### Aim of the task
Repeat exactly, and only, the lines below starting at the line that contains "Estate4home - Trevi Fountain Apartment" and ending at the line that contains "cao - ảnh 8", inclusive of both.

### Information shown
————

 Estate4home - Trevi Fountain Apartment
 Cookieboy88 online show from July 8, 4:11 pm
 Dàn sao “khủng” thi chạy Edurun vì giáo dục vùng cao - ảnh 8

————

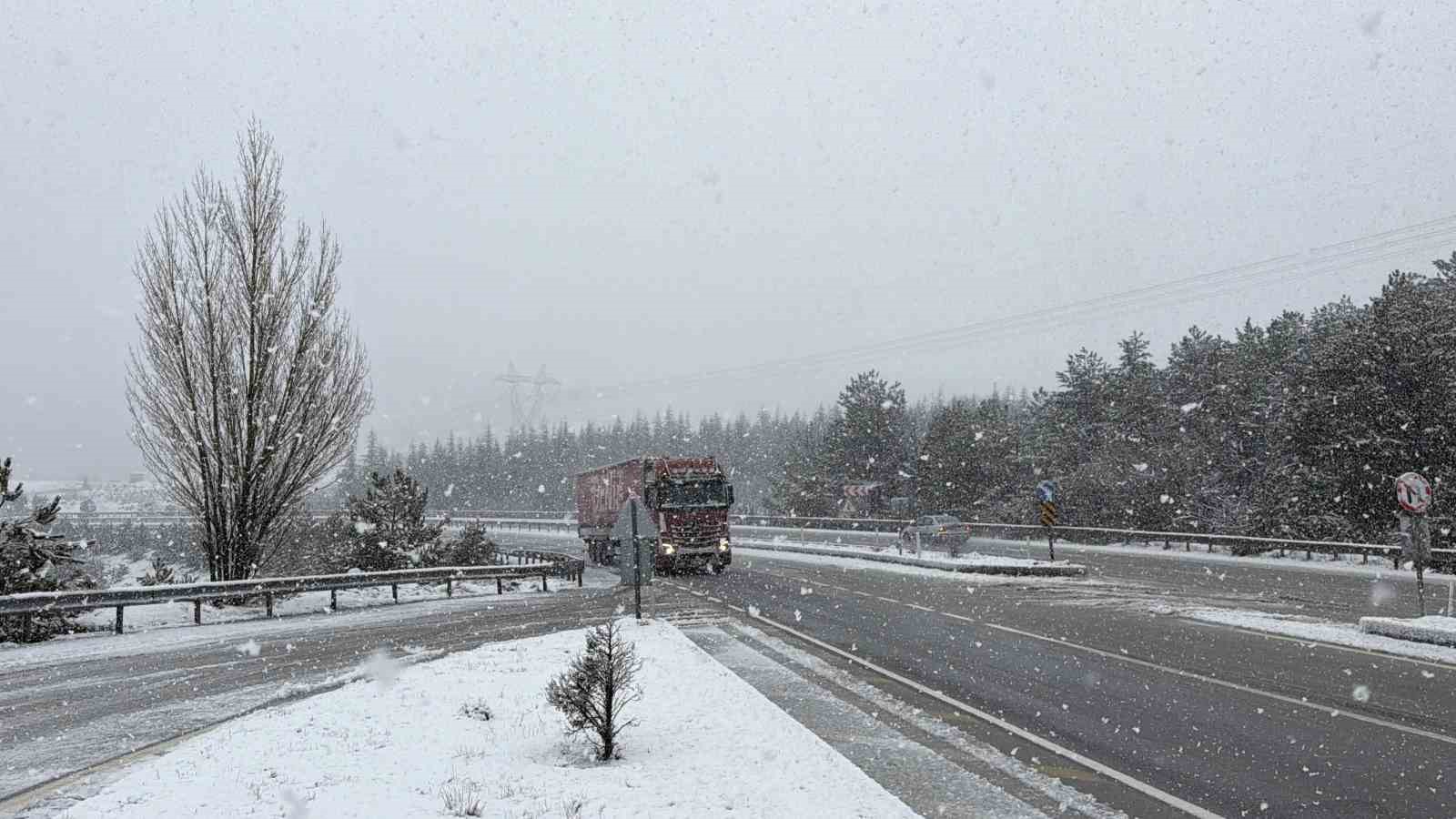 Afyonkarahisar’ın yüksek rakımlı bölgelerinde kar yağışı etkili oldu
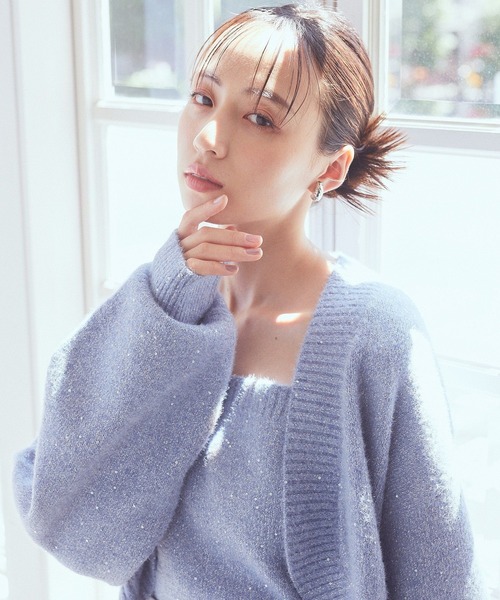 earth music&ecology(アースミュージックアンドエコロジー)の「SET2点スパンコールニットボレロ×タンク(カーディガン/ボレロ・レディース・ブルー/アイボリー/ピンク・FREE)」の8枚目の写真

————

### Response area
 Estate4home - Trevi Fountain Apartment
 Cookieboy88 online show from July 8, 4:11 pm
 Dàn sao “khủng” thi chạy Edurun vì giáo dục vùng cao - ảnh 8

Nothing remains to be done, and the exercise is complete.